* **TASK TO COMPLETE**
Restate each record below word for word, skipping images.
### RECORDS FOR PROCESSING
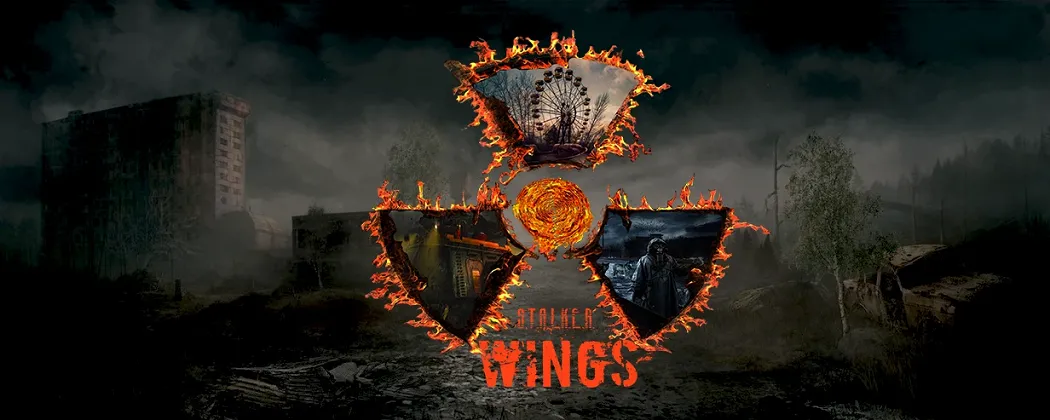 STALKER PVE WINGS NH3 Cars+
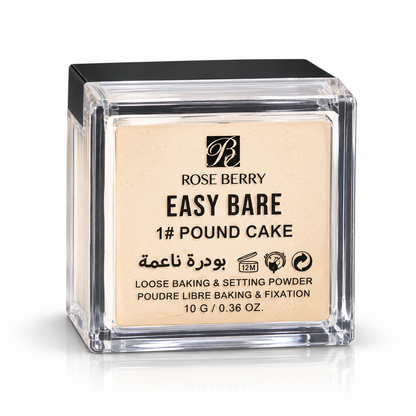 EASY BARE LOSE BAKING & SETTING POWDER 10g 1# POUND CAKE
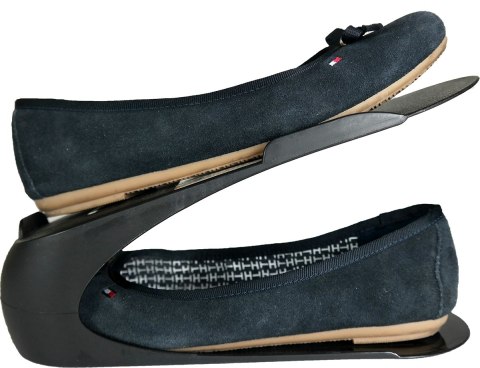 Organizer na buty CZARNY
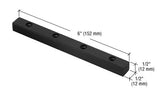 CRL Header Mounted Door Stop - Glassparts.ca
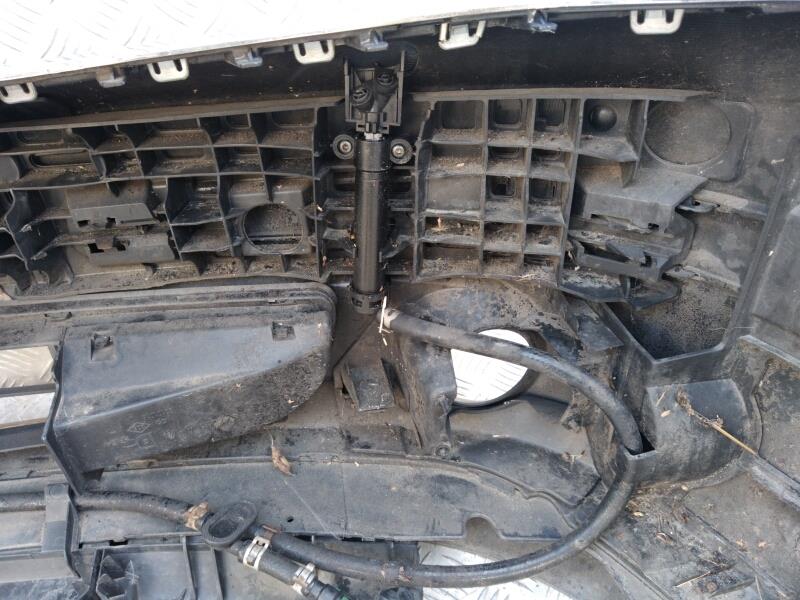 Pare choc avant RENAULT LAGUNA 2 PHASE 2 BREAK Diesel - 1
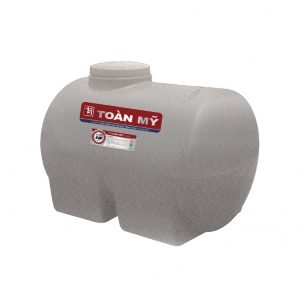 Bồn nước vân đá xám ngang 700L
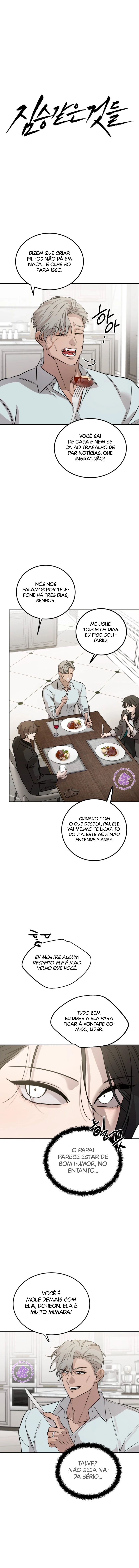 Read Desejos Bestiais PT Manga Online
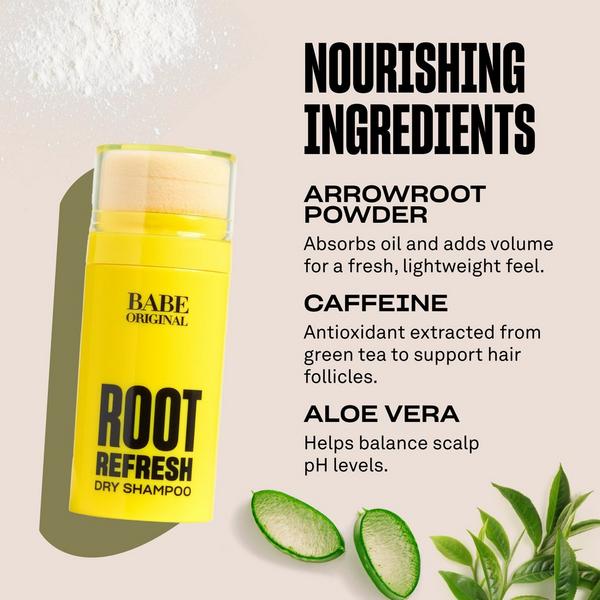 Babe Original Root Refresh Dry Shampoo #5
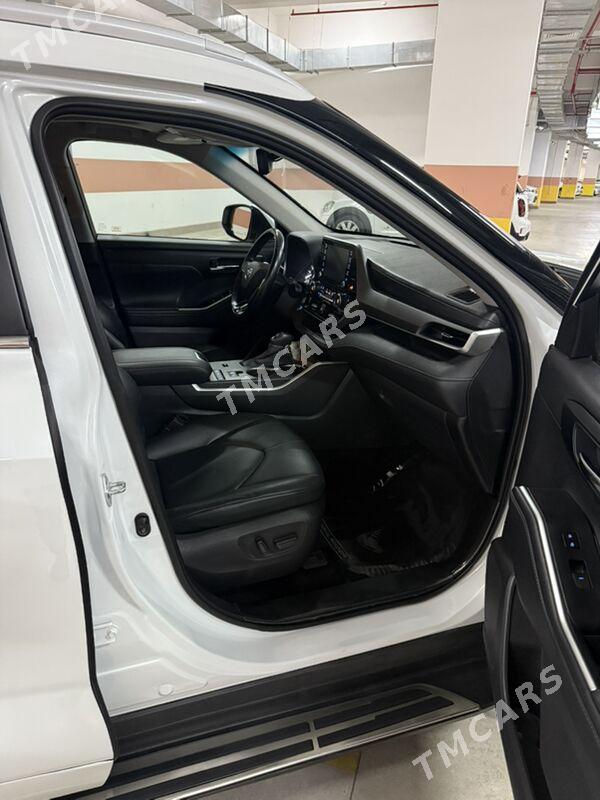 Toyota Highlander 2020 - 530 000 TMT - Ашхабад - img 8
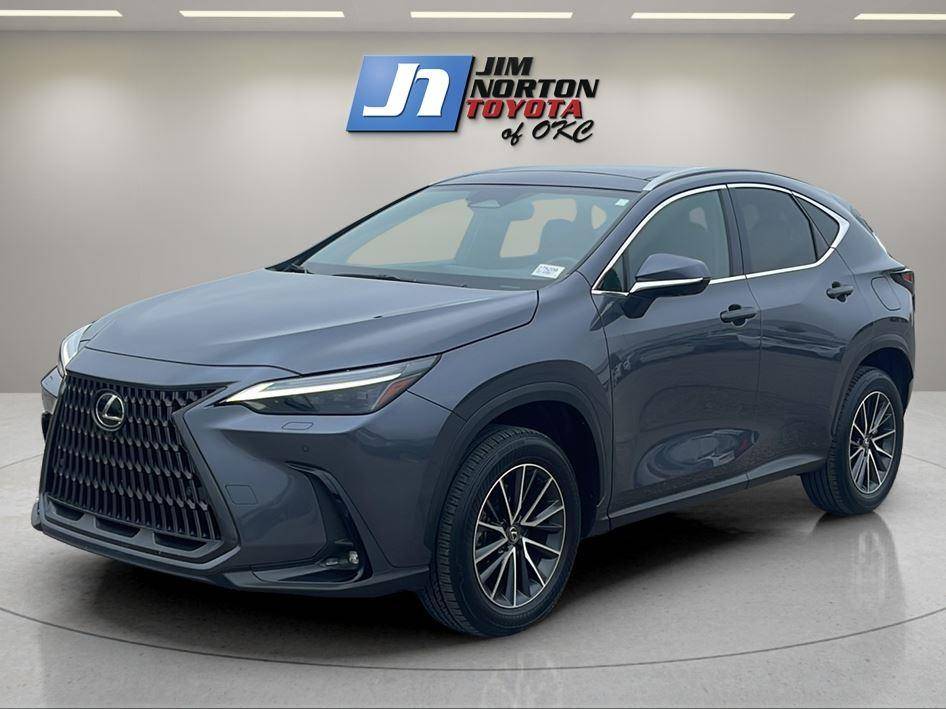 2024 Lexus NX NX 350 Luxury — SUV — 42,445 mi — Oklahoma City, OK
######
* **TASK RESULT**
 STALKER PVE WINGS NH3 Cars+
 EASY BARE LOSE BAKING & SETTING POWDER 10g 1# POUND CAKE
 Organizer na buty CZARNY
 CRL Header Mounted Door Stop - Glassparts.ca
 Pare choc avant RENAULT LAGUNA 2 PHASE 2 BREAK Diesel - 1
 Bồn nước vân đá xám ngang 700L
 Read Desejos Bestiais PT Manga Online
 Babe Original Root Refresh Dry Shampoo #5
 Toyota Highlander 2020 - 530 000 TMT - Ашхабад - img 8
 2024 Lexus NX NX 350 Luxury — SUV — 42,445 mi — Oklahoma City, OK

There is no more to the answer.